More than a year ago, when a group of Nampa High School students began planning a trip to the nation's capital, they dreamed about the historic and cultural gems they would see.
The Washington and Lincoln memorials. The Capitol. The Smithsonian Institution. The Library of Congress.
"Those are all the things we've been talking about," said Camille Levi, a Nampa High communications and business instructor.
The 10 students and two teachers left Idaho for the East Coast before dawn Wednesday. But they don't know how many of those sites they will be able to visit, if any, after the federal government partially shut down this week.
Along with furloughing employees and blocking access to some federal services, the shutdown has affected thousands of people looking to visit Washington institutions, national parks, and Forest Service and Bureau of Land Management campgrounds across the nation.
"It's a bummer the government shut down, but I think we're still going to have a good time," said senior Morgan Buchanan, 17, after checking in at the United Airlines counter at the Boise Airport.
Buchanan had looked forward to visiting the Smithsonian "because I've always wanted to try astronaut food." Founded in 1846, its 19 museums and nine research facilities make it the world's largest museum and research complex.
For senior Erica Aldous, 17, the group's initial flight, from Boise to Denver, was her first time on an airplane.
Aldous panicked a little as she and the other students stood in line to have their identifications and airline tickets checked - she realized she had left her driver's license at home.
"You're serious?" Nampa High history teacher Nicole Dodge asked.
"I wouldn't be telling you this if I wasn't," Aldous said.
Luckily, the TSA officer let her pass because she's younger than 18 and because Dodge and Levi were acting as chaperones.
Earlier, Aldous said she was thrilled to fly and to see Washington and New York City.
"I'm excited, but it's disappointing the government is shut down, so we won't be able to do a lot of the things we had planned," she said.
Senior Jonathan Overstreet, 17, said he loves to travel and has been looking forward to seeing the prominent U.S. cities.
"It's kind of sad that we won't get to see the Smithsonian or the Lincoln Memorial.
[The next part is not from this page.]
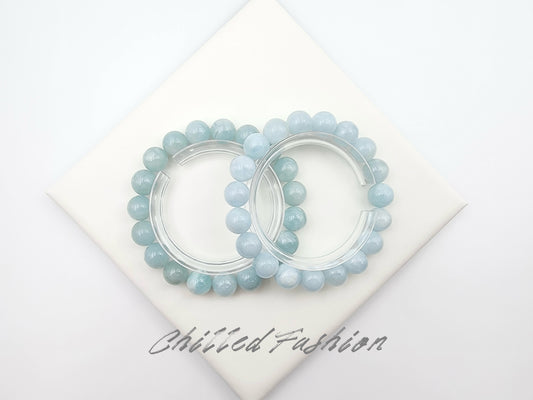 [Bracelet] Natural Sky Cloud Aquamarine Bracelet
Still, we'll get to see other things and experience the trip," he said.
Junior Mason Dodge, 16, said he looked forward to having fun and being with his friends on the trip.
"I hope Congress figures it out before we get there. This is what the whole trip was for," said Dodge, Nicole's son.
His mother told the students that she made numerous calls Tuesday to the group's travel coordinator. The company was working to provide alternative attractions to see in Washington if the shutdown continues.
"I don't want that. I'm a history teacher and that's what I want the kids to see. They need to not only see the Capitol but what's inside the Capitol," Nicole Dodge said.
The students raised about $2,000 apiece to pay for the trip, working concessions and serving food at events at the Idaho Center in Nampa. They'll be gone for a week.
"They've been working on this so long. I told her to make it her own," said Sue Pauls, Buchanan's mother. "We believe you can never learn too much."
Levi and Dodge said they want to show their students the possibilities that exist in the larger world, and to give them a new perspective on their place in it.
"There's a lot of historical significance in Washington," Levi said. "It's a place they've only read about."